Dual Action Plunger Pump Concepts
Dual action pumps use either a swab on a piston rod, a piston, or two plungers. When two separate plungers or pistons are used, both of them move in unison, in the same direction as the drive rod. Although different designs allow for different configurations, the basic concept is shown below.
Dual Action Piston Pump Operation
In this instance, packing is used to seal the pumping chamber around the piston rod. Additional sealing is required around the piston to prevent fluid from flowing around the piston.
Note that a double action piston pump with the above configuration shares one of the pumping chambers with the drive rod. The shared volume reduces the output volume and pressure of this chamber. In many designs, it is considered negligible and factored into the pump’s overall maximum pressure and flow rating. In a double action plunger pump with the configuration shown below, both chambers are able to reach equal pressures and flow rates.

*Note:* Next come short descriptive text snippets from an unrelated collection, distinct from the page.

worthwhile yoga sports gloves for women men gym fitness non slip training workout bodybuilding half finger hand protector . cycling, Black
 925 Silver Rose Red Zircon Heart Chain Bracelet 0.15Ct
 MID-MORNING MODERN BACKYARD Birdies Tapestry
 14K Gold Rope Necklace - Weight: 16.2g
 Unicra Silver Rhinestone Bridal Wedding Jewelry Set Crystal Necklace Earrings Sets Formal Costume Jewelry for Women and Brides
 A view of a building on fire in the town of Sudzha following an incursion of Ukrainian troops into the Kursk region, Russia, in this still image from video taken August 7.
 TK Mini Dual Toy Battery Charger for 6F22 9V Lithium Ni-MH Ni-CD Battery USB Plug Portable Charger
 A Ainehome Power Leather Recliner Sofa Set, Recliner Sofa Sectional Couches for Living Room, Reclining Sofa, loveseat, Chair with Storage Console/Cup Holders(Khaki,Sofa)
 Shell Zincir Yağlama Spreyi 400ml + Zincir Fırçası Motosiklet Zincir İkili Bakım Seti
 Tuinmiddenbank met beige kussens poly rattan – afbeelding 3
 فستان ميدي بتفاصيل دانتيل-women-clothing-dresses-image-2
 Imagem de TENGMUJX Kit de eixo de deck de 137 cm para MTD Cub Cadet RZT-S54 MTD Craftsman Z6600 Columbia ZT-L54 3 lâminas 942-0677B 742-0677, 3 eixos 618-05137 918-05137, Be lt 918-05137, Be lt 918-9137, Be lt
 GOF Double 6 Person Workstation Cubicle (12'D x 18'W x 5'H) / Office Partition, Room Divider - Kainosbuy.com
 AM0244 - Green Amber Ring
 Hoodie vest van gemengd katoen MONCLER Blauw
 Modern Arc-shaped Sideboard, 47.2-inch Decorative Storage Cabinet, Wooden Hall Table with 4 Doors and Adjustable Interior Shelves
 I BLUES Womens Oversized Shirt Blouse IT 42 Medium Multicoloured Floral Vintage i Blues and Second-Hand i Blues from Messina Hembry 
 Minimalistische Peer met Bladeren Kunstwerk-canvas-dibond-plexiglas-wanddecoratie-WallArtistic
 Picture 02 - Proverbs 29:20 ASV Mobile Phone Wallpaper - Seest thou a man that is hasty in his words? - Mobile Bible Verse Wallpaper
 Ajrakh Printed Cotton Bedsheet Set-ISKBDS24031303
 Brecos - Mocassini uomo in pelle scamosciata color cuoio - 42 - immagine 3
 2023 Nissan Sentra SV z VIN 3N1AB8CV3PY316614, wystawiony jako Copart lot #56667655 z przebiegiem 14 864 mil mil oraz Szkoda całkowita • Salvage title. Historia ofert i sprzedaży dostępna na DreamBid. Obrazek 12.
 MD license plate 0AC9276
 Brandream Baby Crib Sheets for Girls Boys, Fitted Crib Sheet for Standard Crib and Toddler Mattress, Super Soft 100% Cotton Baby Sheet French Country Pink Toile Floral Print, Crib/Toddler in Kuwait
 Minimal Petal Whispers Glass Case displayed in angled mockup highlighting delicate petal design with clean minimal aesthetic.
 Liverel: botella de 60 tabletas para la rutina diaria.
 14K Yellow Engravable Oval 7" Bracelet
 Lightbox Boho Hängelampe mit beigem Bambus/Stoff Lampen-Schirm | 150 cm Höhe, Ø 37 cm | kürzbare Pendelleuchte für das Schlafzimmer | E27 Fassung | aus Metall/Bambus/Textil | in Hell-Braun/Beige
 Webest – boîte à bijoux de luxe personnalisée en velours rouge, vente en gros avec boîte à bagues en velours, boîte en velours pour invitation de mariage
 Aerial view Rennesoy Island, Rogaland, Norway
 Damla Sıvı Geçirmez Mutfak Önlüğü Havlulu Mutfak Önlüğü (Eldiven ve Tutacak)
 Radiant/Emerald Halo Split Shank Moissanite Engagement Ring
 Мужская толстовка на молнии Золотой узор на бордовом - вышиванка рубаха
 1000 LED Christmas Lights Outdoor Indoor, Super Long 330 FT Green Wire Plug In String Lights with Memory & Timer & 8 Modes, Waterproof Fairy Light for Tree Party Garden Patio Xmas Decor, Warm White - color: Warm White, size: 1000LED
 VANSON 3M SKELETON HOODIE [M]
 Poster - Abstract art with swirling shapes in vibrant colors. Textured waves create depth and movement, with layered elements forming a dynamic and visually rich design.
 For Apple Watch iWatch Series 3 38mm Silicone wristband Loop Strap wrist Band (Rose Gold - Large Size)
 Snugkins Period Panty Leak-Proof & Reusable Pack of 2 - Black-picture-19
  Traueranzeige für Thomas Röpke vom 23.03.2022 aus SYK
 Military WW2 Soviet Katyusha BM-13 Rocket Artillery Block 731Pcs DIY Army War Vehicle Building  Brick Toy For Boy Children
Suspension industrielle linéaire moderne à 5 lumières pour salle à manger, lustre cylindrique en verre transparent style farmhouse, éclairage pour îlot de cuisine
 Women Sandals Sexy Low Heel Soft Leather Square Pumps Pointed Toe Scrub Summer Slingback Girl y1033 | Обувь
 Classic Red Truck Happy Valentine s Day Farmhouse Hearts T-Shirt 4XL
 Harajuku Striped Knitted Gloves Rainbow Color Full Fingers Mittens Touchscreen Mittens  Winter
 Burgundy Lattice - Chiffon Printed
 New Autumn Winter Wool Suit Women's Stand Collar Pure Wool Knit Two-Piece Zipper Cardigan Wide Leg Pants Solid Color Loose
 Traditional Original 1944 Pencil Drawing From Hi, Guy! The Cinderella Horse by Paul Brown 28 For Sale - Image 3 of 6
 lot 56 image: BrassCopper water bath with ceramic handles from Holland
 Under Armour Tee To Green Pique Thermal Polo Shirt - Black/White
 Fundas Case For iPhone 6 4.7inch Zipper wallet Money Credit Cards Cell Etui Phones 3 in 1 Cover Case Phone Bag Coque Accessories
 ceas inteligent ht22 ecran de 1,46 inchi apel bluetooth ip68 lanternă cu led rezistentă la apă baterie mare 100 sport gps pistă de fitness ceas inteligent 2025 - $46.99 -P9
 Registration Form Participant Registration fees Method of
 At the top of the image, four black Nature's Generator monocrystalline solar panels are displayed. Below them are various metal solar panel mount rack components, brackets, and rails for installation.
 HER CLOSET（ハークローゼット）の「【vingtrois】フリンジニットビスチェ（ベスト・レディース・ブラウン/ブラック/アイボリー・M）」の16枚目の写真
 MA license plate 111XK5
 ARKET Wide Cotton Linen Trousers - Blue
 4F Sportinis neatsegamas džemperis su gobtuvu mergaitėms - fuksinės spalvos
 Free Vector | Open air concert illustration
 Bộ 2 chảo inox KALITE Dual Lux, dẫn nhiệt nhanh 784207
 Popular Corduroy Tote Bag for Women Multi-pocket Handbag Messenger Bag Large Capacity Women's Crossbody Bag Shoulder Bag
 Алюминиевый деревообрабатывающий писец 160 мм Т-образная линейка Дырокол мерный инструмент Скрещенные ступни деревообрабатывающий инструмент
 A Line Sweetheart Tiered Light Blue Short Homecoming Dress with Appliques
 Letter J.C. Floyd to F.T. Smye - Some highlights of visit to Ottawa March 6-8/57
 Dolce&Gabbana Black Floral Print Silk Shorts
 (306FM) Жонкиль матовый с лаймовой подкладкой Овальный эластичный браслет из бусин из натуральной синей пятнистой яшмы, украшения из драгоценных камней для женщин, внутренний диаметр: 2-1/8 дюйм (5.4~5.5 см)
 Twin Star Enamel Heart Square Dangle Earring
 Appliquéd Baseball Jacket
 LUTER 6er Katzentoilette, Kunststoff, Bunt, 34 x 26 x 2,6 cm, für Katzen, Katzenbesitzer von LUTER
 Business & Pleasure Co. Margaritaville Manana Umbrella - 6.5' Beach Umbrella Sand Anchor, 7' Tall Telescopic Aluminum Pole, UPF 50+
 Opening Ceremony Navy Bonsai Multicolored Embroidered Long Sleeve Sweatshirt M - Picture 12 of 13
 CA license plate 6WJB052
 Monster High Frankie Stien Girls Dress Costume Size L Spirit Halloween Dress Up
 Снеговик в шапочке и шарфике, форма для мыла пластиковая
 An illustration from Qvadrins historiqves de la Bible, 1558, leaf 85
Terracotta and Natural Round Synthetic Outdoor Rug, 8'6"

Double Action Plunger Pump Operation
Since double acting pumps are designed to produce pressure on both a “push” and a “pull” stroke, wear is different than in single acting pumps. The forces variations seen within the power end increase per revolution of the crankshaft. Power ends of dual acting pumps are generally designed slightly larger than single acting pumps of the same horsepower rating. This larger size is able to withstand wear and increase the life expectancy of the pump.
Dual acting pumps are most commonly found as a duplex pump design.They can also be found in other reciprocating pump sizes, but are generally less common.